- **PROBLEM**
Using the material that follows, identify and copy each line with the string "student".

- **RECORDS FOR PROCESSING**
== Segment start ==
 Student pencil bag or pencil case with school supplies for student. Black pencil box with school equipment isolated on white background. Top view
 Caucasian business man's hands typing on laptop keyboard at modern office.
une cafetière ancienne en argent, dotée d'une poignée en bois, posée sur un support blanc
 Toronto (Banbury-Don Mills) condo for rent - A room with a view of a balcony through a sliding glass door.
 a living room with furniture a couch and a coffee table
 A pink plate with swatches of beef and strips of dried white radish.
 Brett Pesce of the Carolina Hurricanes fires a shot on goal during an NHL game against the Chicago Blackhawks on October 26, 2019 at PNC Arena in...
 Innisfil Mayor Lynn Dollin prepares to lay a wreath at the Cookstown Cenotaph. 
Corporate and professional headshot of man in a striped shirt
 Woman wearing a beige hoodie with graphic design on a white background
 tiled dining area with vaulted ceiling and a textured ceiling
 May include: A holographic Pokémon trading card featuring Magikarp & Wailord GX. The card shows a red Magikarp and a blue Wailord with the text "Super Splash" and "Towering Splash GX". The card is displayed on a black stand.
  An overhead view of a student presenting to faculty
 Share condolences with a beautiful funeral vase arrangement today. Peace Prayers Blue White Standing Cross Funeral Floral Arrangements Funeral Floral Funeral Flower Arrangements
== Segment end ==
- **PROBLEM SOLUTION**
 Student pencil bag or pencil case with school supplies for student. Black pencil box with school equipment isolated on white background. Top view
  An overhead view of a student presenting to faculty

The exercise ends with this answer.